‘Yellowjackets’ Season 2 opens with Sharon Van Etten’s excellent track “Seventeen”

Returning to the chilly brutality of the wilderness for Season 2, Yellowjackets immediately reminds us that our misplaced protagonists are nonetheless, the truth is, youngsters, with one completely chosen track.

Directed by Daisy von Scherler Mayer, the primary episode takes you proper again to the woods, with the season’s opening photographs hovering over the awful, wild panorama and creeping again into the cabin of Camp Yellowjackets. And with this return comes Sharon Van Etten’s regular, hovering, anthem for late teenhood and the discomfort of fast change, “Seventeen.”


‘Yellowjackets’ Season 2 Episode 1 kicks off with our first chew — and an equally massive clue

The observe, taken from Van Etten’s 2019 banger of an album, Remind Me Tomorrow, builds because the collection re-introduces the crew members one after the other, sleeping of their makeshift beds, nonetheless misplaced within the woods with no rescue on the horizon. They don’t seem to be all slumbering, nonetheless, as Travis and Natalie gear as much as hunt recreation and seek for a lacking Javi. No, these aren’t common actions for suburban teen soccer gamers.

A group of teens sleep snuggled together on a cabin flood beside a fire.

Credit score: Kailey Schwerman/SHOWTIME.

Subsequent, “Seventeen” follows the Yellowjackets out of the wilderness to scenes of their rescue, scoring Lottie’s expertise of being dedicated to a psychiatric establishment and electroconvulsive remedy by her mother and father. Within the first scenes of Yellowjackets Season 2, we’re firmly reminded of the characters’ youth, and the brutality of sudden change — or moderately, misplaced time.

Van Etten co-wrote “Seventeen” with songwriter Kate Davis about residing in New York, reflecting on the disillusionment that comes with revisiting a neighbourhood you spent cherished time in throughout your youth, and seeing not solely the way it’s modified however the way it’s populated by shiny new teenagers: “I was free/I was seventeen/Comply with my shadow/Round your nook/I was seventeen/Now you are identical to me.” Chatting with the track’s producer John Congleton, on podcast Tune Exploder(Opens in a brand new tab), Van Etten mirrored on the pivotal shift within the track when she screams, “I do know what you are gonna be.”

“In that explosive second, who had been you picturing you had been singing to?” asks Congleton.

“Me. Like younger me in New York that thought I knew every thing. However I additionally envision my mother simply singing that to me too, you realize. The extra that I lived with it and labored on it, it felt like a multi sort of generational track. I want that I had listened to her when she would give me recommendation or say that I might be open along with her. And I simply, I used to be so closed off and I didn’t settle for like her assist or steerage, and I believed I knew higher.

“For some motive, every time a dad or mum provides you recommendation or says that they know or they perceive, like as a child you simply do not imagine them, that they ever had been a human being, you realize. The older I get, and now particularly I’ve a son, I am increasingly like my mom than I ever realized.
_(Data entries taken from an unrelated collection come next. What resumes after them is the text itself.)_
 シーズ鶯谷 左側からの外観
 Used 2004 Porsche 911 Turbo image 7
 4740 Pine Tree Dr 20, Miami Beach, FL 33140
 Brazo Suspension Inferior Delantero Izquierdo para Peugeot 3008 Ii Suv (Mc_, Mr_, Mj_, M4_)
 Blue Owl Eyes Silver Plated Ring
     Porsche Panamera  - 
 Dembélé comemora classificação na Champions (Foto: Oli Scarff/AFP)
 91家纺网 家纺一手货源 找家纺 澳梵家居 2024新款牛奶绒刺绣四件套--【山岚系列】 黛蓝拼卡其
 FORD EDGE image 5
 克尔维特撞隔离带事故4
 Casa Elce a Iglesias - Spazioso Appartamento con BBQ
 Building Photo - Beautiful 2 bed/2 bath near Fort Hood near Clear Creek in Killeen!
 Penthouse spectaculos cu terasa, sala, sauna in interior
You already know, I believe as you grow old and you’ve got increasingly hindsight, hopefully, you’ll be able to forgive who you had been, you’ll be able to forgive your self. You’ll be able to have extra of an understanding of the place you had been coming from and likewise the place your mother and father had been coming from. It is positively a message to her, to myself. It is an apology, nevertheless it’s additionally forgiveness. You already know, I really feel prefer it’s giving me slightly little bit of closure on my previous and acknowledging the weaknesses but additionally embracing them.”

To me, the track’s strongest use in a TV collection lies in Netflix’s Intercourse Schooling, in probably the most transferring episode of the collection. Primarily based on author Laurie Nunn’s private expertise, Season 2, episode 7 centres on Aimee Gibbs’ (Aimée Lou Wooden) sexual assault. On the very finish of the episode, after Aimee has confided in her fellow feminine classmates that she’s unable to get again on the bus the place the assault occurred, there’s a wonderful second of solidarity once they share their very own experiences of assault and harassment. Later, in probably the most highly effective scenes I’ve watched on TV, Aimee’s mates flip up on the bus cease to help her, as Van Etten’s “Seventeen” builds.

Regardless of being particularly linked to her New York expertise and her frustrations at neighborhoods, venues, and locations from her youth changing into unfamiliar, Van Etten’s “Seventeen” has a broader thematic energy when deployed in TV representations of youth ladies. The track successfully encapsulates the discomfort of fast change for characters in each Yellowjackets and Intercourse Schooling, and the bizarre feeling of current nostalgia, of rising up quicker than you need to need to. An ideal music alternative.

Yellowjackets Season 2 premieres March 24 on Showtime’s web site and app, with new episodes launched weekly on Fridays(opens in a brand new tab). Episodes additionally air each Sunday on Showtime at 9 p.m. ET, beginning March 26.